Comparison: MySQL vs. PostgreSQL

Thursday, 26 May 2005 @ 14:35

Recently a very good discussion took place on the UPHPU mailing list regarding MySQL and PostgreSQL (a.k.a. pg or pgsql), the two most popular open-source database engines, and when you might want to choose one or the other for your project. Many great insights were shared, and we’re sharing some of them here, in hopes that it will help others in the future.

For many people, MySQL vs PgSQL is more of a religious question than a technical one, and there is definitely something to be said for sticking to what is already familiar to you. There are also some very good technical considerations in choosing which one is more appropriate for your application. First and foremost, both MySQL and PG are excellent relational database management systems (RDBMS), and in almost every case, either one will work great, and there is no wrong answer when asking which one you should use.

Probably the biggest and most frequently discussed differences between MySQL and PG are in features and complexity. PostgreSQL has more of both. There are many features of SQL that PG has supported for years, that are just recently becoming available in MySQL. Some mentioned in the discussion are subselects, transactions, stored procedures, contstraints, triggers, and a few other advanced SQL features. Most or all of those features are (or will be) supported in MySQL 4.0, 4.1, or 5.0, and some, like transactions, were available in the MySQL 3.23.xx releases with certain table types, like InnoDB.

Because of the complexity added to PGSQL to support those features, MySQL in its default configuration (i.e. with MyISAM tables) is generally regarded as faster than PGSQL. Because of MySQL’s different table types (which use different database engines), you can effectively “turn on” and “turn off” features like transactions on a per-table basis, which provides a significant performance improvement.
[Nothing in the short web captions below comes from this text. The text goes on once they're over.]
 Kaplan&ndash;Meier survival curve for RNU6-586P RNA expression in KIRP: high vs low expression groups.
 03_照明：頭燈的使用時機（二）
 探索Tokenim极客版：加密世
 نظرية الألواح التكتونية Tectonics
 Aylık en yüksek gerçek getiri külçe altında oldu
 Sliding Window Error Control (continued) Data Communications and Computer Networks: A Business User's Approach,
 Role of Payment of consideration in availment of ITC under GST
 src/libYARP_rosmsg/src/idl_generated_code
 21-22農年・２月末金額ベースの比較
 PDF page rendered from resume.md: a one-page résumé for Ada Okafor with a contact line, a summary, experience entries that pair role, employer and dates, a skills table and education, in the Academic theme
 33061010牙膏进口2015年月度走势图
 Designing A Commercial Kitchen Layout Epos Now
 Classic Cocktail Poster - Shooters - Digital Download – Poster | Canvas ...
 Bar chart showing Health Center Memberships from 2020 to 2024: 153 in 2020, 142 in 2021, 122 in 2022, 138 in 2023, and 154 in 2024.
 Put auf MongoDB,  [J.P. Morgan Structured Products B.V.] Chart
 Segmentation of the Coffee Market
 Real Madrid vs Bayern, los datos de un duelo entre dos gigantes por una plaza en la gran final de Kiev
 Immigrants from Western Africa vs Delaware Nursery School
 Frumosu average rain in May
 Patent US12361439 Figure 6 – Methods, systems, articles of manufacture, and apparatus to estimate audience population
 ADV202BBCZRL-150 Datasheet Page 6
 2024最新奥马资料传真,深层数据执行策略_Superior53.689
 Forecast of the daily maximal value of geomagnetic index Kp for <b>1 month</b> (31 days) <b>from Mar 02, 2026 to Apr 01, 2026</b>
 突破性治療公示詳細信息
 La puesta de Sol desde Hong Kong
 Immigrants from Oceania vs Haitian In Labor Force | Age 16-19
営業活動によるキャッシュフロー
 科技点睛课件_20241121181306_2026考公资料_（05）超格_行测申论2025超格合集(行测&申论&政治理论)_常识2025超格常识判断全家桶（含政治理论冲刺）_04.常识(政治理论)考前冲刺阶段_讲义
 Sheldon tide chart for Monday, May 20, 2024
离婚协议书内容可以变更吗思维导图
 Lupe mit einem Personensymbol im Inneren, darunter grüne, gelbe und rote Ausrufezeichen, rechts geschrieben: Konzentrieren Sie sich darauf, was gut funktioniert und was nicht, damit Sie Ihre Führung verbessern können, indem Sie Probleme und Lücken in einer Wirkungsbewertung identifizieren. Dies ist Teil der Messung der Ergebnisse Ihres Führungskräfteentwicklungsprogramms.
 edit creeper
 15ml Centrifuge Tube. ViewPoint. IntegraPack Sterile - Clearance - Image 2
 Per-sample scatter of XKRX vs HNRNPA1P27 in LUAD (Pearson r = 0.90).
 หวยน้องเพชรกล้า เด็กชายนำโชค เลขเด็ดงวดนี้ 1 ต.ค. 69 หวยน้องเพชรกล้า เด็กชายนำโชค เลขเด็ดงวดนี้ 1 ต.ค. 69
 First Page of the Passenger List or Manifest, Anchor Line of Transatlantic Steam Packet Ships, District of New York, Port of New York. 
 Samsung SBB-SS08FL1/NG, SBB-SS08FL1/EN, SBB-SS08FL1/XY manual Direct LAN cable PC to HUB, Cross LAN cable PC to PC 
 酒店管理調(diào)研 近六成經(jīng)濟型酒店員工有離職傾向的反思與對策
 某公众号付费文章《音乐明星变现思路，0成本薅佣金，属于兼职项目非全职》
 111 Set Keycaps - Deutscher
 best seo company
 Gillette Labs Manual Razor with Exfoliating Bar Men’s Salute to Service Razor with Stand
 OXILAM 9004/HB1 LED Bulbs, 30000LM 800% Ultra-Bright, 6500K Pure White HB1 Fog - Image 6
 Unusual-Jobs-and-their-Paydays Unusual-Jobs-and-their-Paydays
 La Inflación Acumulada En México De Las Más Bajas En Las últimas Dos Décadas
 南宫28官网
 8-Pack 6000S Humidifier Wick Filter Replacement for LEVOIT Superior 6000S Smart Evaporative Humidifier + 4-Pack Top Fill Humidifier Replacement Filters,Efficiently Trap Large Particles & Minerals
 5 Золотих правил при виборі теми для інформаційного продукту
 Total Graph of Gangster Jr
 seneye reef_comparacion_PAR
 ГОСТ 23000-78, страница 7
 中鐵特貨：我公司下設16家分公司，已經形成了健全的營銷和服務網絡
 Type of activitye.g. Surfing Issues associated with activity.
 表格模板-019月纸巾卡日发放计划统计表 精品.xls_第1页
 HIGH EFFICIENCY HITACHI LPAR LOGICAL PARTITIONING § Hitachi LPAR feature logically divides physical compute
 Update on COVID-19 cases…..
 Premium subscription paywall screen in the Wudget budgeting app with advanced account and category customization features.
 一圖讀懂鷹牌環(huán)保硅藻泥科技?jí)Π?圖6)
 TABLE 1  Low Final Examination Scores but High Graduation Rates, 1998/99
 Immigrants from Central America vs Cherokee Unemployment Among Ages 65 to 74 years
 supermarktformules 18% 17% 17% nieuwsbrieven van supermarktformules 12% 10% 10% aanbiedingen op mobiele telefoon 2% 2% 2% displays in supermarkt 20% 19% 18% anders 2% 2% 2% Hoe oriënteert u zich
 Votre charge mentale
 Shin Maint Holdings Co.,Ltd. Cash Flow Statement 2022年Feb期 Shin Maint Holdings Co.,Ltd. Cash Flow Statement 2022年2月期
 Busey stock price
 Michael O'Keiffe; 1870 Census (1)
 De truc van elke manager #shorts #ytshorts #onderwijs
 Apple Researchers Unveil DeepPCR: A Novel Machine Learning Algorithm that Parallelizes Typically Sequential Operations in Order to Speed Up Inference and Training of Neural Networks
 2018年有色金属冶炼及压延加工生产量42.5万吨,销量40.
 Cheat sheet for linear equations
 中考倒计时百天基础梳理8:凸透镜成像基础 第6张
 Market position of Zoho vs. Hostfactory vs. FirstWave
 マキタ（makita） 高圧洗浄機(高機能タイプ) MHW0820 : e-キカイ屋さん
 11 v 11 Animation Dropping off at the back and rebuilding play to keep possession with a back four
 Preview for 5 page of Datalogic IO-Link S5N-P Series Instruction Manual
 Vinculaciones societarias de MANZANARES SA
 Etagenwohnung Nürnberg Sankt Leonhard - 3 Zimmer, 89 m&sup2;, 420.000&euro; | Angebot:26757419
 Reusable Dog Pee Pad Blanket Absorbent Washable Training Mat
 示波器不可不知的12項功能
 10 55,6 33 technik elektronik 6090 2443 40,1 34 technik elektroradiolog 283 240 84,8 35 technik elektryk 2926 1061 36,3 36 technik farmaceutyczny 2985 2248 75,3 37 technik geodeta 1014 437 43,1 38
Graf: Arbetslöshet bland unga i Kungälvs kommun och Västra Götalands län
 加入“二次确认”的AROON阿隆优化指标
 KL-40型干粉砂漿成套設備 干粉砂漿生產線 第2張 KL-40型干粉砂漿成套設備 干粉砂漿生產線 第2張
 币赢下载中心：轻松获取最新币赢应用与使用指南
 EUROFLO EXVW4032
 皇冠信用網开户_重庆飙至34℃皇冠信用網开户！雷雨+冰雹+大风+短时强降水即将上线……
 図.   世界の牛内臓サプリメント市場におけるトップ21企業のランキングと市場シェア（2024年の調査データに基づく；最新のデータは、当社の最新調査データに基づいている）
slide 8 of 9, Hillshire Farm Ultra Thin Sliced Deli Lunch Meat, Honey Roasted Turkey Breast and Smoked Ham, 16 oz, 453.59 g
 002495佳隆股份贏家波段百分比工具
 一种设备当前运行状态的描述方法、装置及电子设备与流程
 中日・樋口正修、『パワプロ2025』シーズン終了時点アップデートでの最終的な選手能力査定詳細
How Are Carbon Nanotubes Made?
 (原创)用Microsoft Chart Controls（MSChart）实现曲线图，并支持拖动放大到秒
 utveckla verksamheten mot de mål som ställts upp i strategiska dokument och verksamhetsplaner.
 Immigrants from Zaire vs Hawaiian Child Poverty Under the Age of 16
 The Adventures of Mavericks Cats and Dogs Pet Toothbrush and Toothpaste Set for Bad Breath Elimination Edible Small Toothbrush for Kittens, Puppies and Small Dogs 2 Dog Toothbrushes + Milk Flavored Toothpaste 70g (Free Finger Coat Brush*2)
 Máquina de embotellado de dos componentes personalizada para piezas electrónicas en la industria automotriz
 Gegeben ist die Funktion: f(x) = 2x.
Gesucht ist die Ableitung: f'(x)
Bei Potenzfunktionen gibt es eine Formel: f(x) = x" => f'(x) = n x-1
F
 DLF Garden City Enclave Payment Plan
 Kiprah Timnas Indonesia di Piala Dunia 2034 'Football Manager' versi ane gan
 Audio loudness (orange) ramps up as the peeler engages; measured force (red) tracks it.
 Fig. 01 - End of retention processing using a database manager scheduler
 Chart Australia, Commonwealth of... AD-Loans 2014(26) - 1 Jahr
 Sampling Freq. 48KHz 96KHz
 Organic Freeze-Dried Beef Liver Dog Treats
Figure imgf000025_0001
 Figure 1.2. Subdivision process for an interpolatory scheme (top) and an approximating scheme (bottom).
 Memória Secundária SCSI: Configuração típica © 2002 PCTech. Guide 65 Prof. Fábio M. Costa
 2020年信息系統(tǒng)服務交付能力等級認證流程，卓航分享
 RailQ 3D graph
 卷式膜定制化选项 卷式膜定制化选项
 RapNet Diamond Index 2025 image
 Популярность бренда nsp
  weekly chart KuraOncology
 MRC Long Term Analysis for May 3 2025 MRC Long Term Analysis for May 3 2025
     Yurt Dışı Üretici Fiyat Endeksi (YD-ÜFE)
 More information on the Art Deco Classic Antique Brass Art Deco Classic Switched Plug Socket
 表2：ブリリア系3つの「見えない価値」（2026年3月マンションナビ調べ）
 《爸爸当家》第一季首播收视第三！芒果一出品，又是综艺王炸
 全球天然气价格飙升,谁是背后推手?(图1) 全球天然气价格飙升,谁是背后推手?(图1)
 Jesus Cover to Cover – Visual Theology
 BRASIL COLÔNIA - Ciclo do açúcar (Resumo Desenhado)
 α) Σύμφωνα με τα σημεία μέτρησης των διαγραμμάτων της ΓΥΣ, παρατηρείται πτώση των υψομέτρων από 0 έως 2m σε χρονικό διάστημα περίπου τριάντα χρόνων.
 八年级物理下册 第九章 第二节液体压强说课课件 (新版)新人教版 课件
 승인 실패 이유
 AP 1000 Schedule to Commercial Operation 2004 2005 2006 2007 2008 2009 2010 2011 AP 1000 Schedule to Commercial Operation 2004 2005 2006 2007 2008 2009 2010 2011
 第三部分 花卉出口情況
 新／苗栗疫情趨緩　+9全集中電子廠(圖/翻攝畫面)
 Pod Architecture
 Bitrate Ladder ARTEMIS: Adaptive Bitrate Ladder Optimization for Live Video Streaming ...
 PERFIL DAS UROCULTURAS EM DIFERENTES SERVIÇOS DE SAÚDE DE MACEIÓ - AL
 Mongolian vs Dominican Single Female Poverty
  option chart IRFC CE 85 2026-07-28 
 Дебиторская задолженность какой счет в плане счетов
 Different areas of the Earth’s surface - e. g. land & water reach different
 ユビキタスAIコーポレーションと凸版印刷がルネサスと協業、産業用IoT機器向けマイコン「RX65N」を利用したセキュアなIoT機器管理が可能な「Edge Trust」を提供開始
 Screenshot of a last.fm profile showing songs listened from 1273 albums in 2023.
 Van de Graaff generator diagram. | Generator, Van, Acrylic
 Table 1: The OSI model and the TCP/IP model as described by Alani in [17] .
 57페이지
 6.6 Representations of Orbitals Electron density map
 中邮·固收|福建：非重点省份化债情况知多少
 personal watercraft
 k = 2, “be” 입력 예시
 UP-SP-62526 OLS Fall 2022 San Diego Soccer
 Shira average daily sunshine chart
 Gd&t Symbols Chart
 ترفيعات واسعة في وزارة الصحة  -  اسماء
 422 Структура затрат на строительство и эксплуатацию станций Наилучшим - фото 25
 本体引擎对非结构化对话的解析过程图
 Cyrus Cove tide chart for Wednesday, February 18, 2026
Many say that when using the advanced features of MySQL (i.e. when using InnoDB tables), performance is very comparable between the two databases.

There are virtues to having a less complex feature set: Simple is easier, Simple is faster, Simple is more stable. MySQL requires less system administration to configure and maintain, and for most people, it “just works” without any real tweaking or customization. Especially when being used with PHP, this is a big advantage. Most applications written in PHP simply do not require most of the advanced features that SQL has to offer, and PG would be overkill, and that overkill comes at a price.

Many people think that they would be better off with PGSQL because someday they might need a feature that PGSQL has that MySQL doesn’t have. As with most other things, if you don’t have something specific and reasonably likely in mind already, you most likely won’t ever use those features. Another important consideration is that there are very few cases where those advanced features are truly required. Granted, sometimes a subselect may make a simpler query, but it can almost always be rewritten as a join, which usually executes faster and is about as readable as the query using subselects. Especially in conjunction with PHP, it is very difficult to contrive a situation where the lack of a particular feature makes something impossible or very difficult with MySQL where it would be much easier with PostgreSQL.

Another aspect to consider is support. MySQL has a larger user base, and is supported by more applications. In cases where there isn’t support for both of them, an application is more likely to have MySQL support than PgSQL support. When both are supported, the MySQL support is generally better tested than the PgSQL support.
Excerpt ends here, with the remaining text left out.